対して打首獄門同好会は、今年で結成14年目という中堅バンドだ。一体どんなライブになるのだろうか。わたしには妄想は出来ても想像は出来なかった。

また、邦ロックと呼ばれるジャンルの暴れん坊さんたちは、フロアで激しいモッシュやダイブを繰り広げるのだが、一方の筋少はというとダイブという文化はない。わたしが初めて筋少のライブに行ったのは、再結成してすぐ、今は無き横浜BLITZであったが、その時は、ライブTシャツにタオルというスタンダードな姿の人々の群れの中に、背中に『南無阿弥陀仏』と書かれた特攻服姿の人や、ロックライブだというのにロリータ服に身を包んだ女の子や、スタンディングフロアでスタート待ちをしているときのわずかな灯りで文庫本を読む男性など、それはもう様々な人たちが散らばっていて、非常に驚いた記憶がある。
獄Tがそのほとんどを占める打首さんのライブにおいて、果たしてその異文化はどのように混ざり合うのだろうか。わたしは対バンが発表されて少し落ち着いてからずっと不安に思っていた。
わたしは2バンドのどちらも大好きで、焼肉とハンバーグみたいな組み合わせの定食を白飯片手に食べるかのような盛りだくさん感がある。
フェスのような、もしよろしければサラダもいかが?というビュッフェスタイルではなく、がっつりメニューになったスペシャルな定食なのだ。
しかしながらどちらかをメインディッシュとする人たちにとって、デミグラスソースに焼肉のたれが混ざることが許せるのだろうかというのは気になるところであった。
しかしみんな大人なのだ。平均年齢はこの対バン祭りでおのずと一番高くなる。わたしはライブを愛して愛して長い人たちがたくさん集まる素敵な土曜日となる事を祈った。

 

40分も遅れて飛行機は羽田空港に到着した。何度来ても東京は電車が多くて迷いそうになるのだが、スマホと看板を駆使して行けば何とかなるものだ。今年に入って3回目の東京遠征。羽田で京急に乗り換えることにもずいぶんこなれてきたように思う。そんな小さなことが何だか誇らしい。

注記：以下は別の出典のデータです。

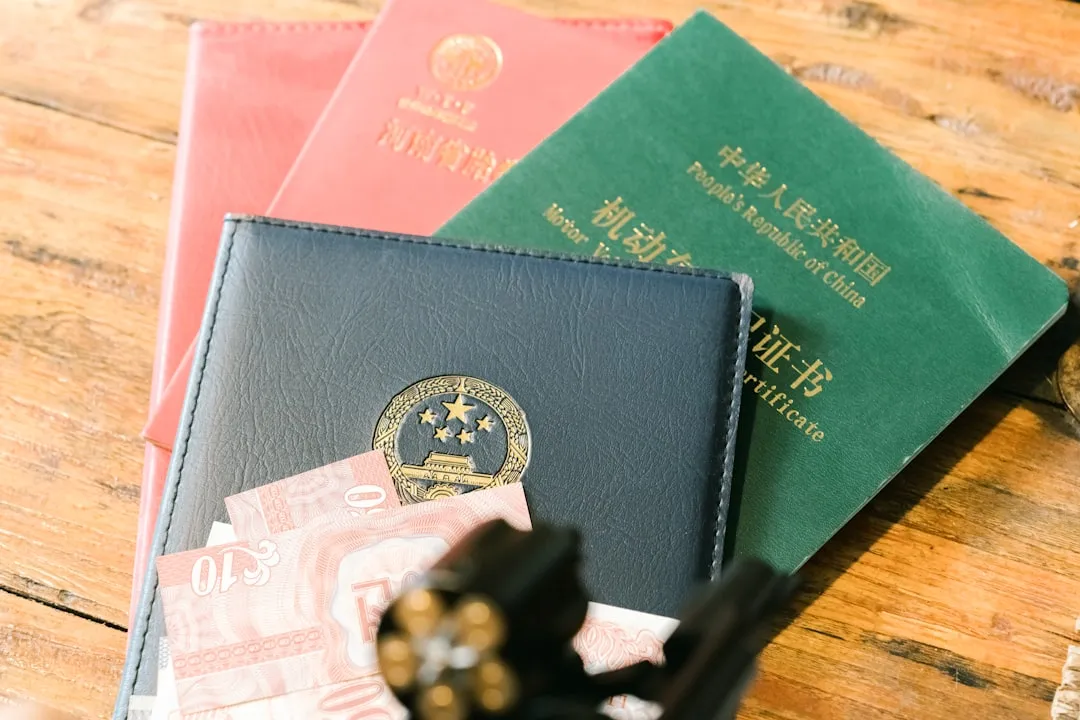 新媒体运营在广告传媒中的应用：抖音小红书平台内容分发策略解析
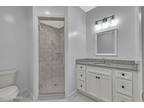 Mantoloking Rd Unit A, Brick, Flat For Rent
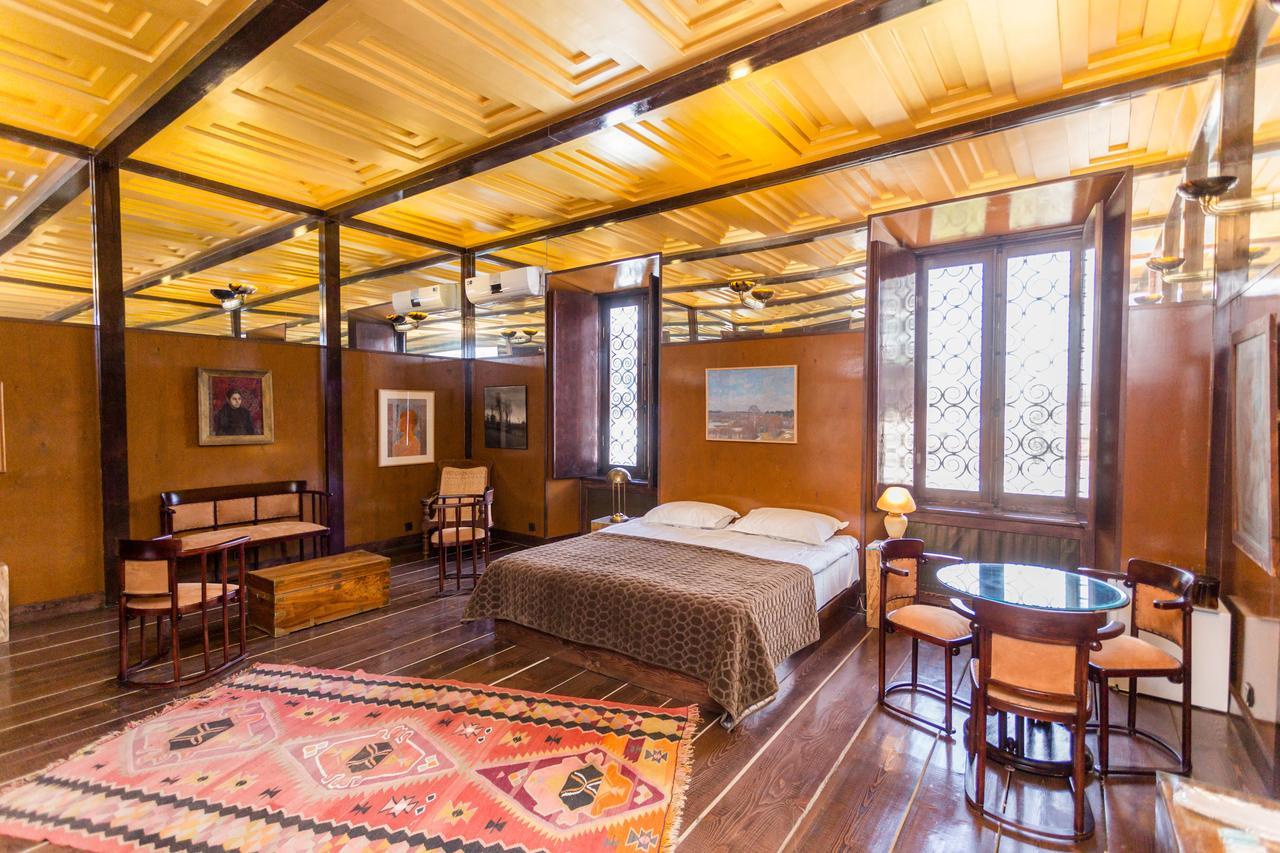 Otel Castle In Old Town 3*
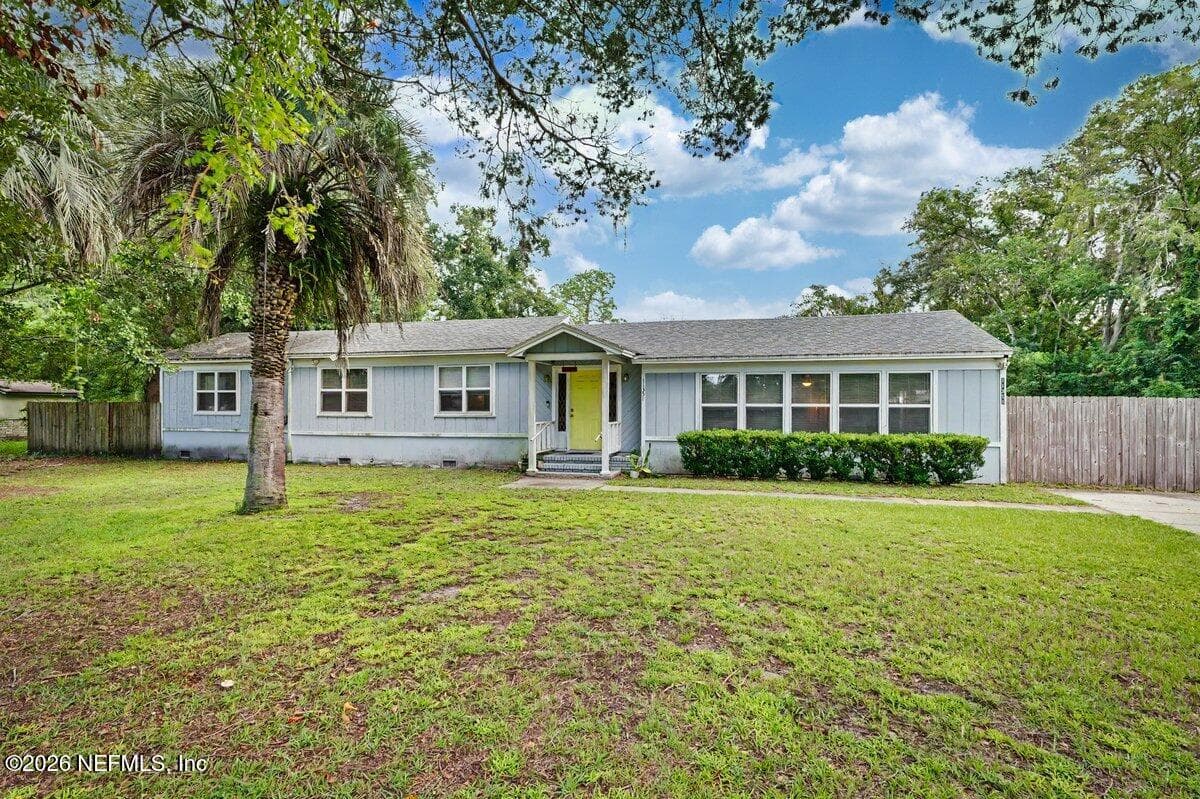 11351 W COURT Boulevard, Jacksonville — exterior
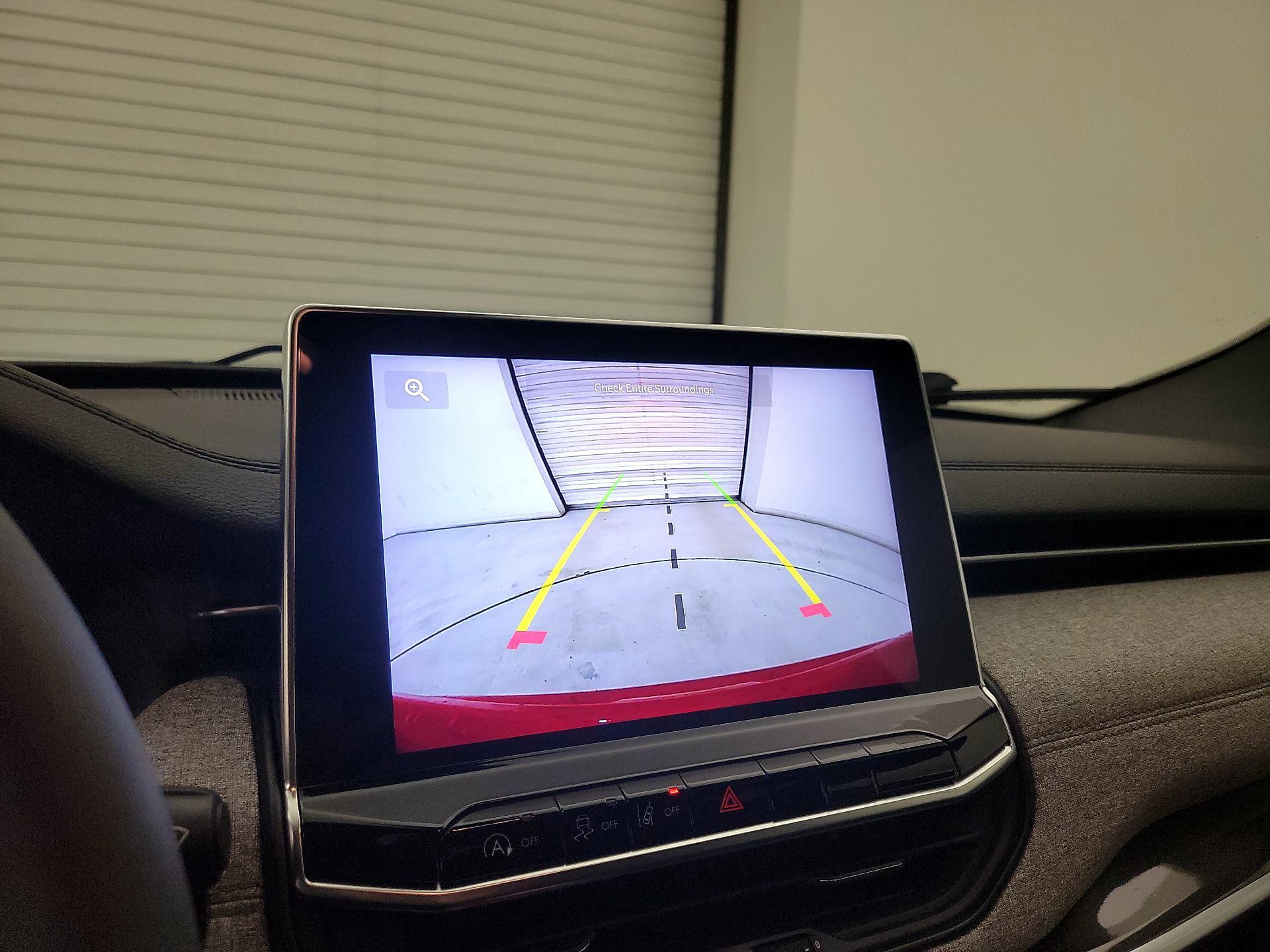 Thumbnail: 2023 Jeep Compass - 14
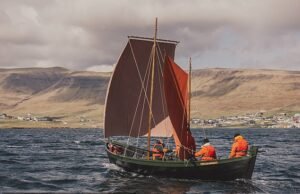 Muere una mujer estadounidense en Noruega tras hundirse una réplica de un barco vikingo durante una excursión turística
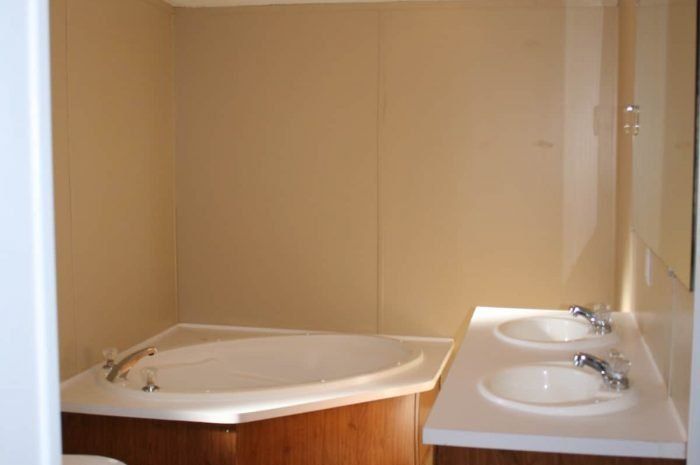 Oak Grove - Bathroom with double sinks and jacuzzi tub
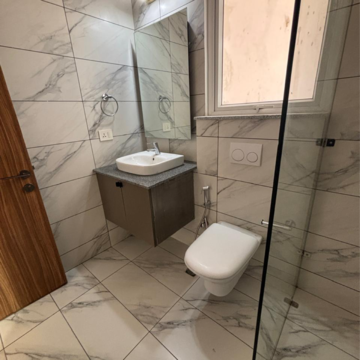 Bathroom in 4 BHK Apartment at Central Park Flower Valley Aqua Front Towers, Sohna Sector 33 – for Rent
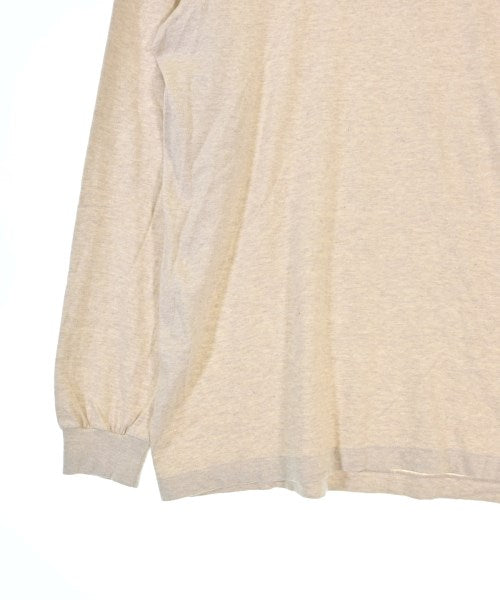 AURALEE เสื้อยืด/เสื้อท็อปส์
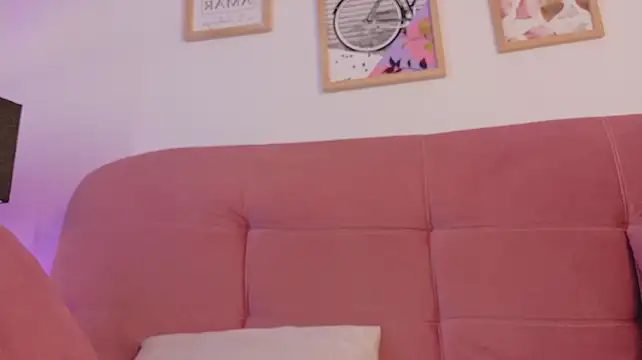 Karina2Smith live cam on StripChat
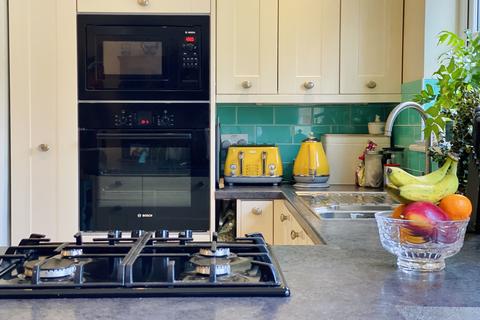 12 Netherton Road, Padstow, PL28 8EG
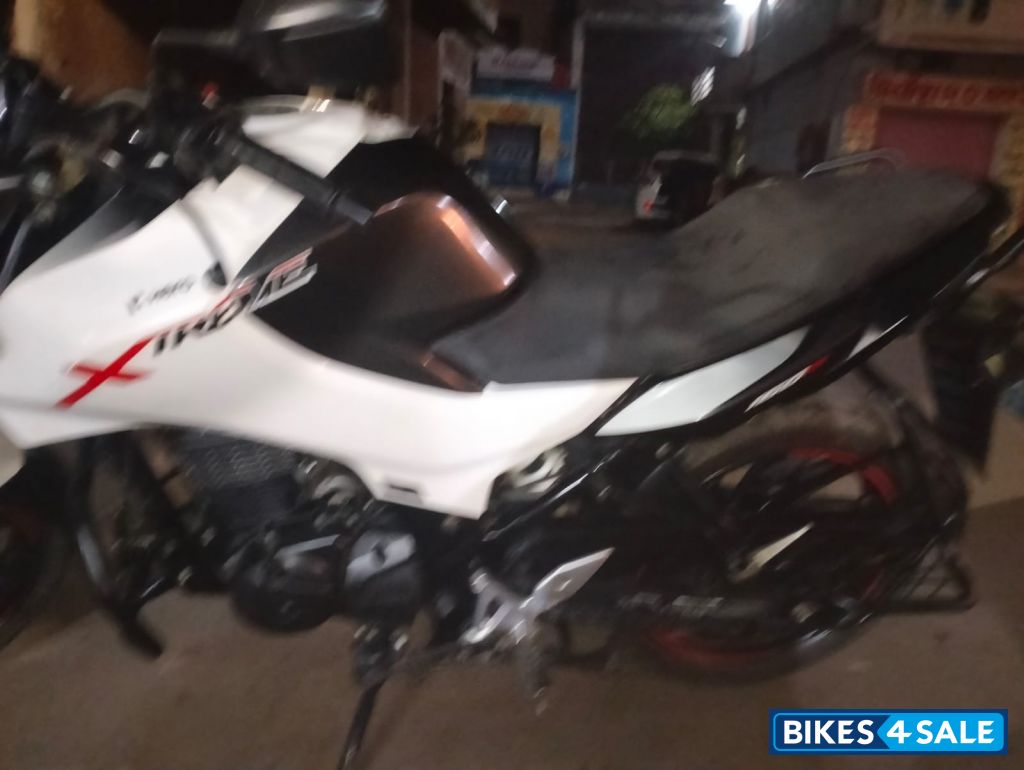 White And Black Hero Xtreme 160R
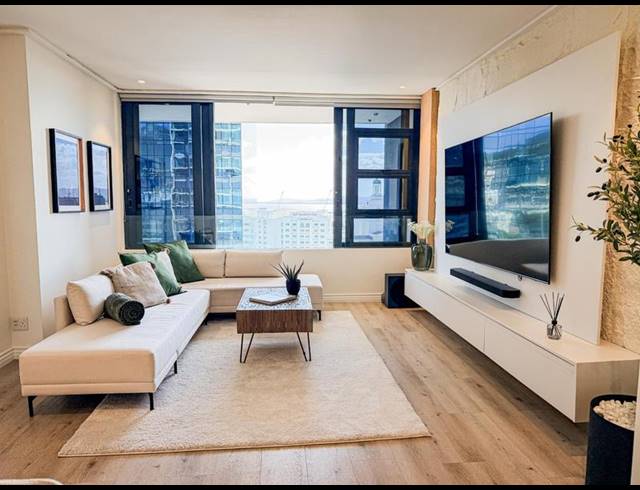 2 BEDROOM APARTMENT FOR SALE IN CAPE TOWN CITY CENTRE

お祭りライブの良いところは、全国からこの日をめがけてたくさんの人たちが集まってくるというところにもある。打首さんの武道館の時は福岡からぼっち参戦だったわたしも、今日はたくさんフォロワーさんに会えると楽しみにしていた。息子を連れているのでコラボTを着ている後ろ姿を写真に撮ってTwitterにアップしてみる。こうすると共にいるわたしを見つけてもらいやすいことを、以前のライブで経験していた。

お台場にはZeppが二つもある。ZeppTokyoとZeppダイバーシティ。こんな近くに同じ系列のライブハウスがあるなんて、と思ったが福岡の親不孝通りにはDORUM系列のライブハウスが3つ集まっている。規模は違うが同じようなものかと思いつつ、前日の会長のTwitterアナウンスに沿ってガンダムをめざした。
さすがに最寄駅に降り立つと背中に獄の文字を背負った人々をチラホラと見かけることになった。
長いエスカレーターに身をゆだねると、フォロワーさんから声をかけてもらい、ああ東京に来たのだと急に実感がわいてくる。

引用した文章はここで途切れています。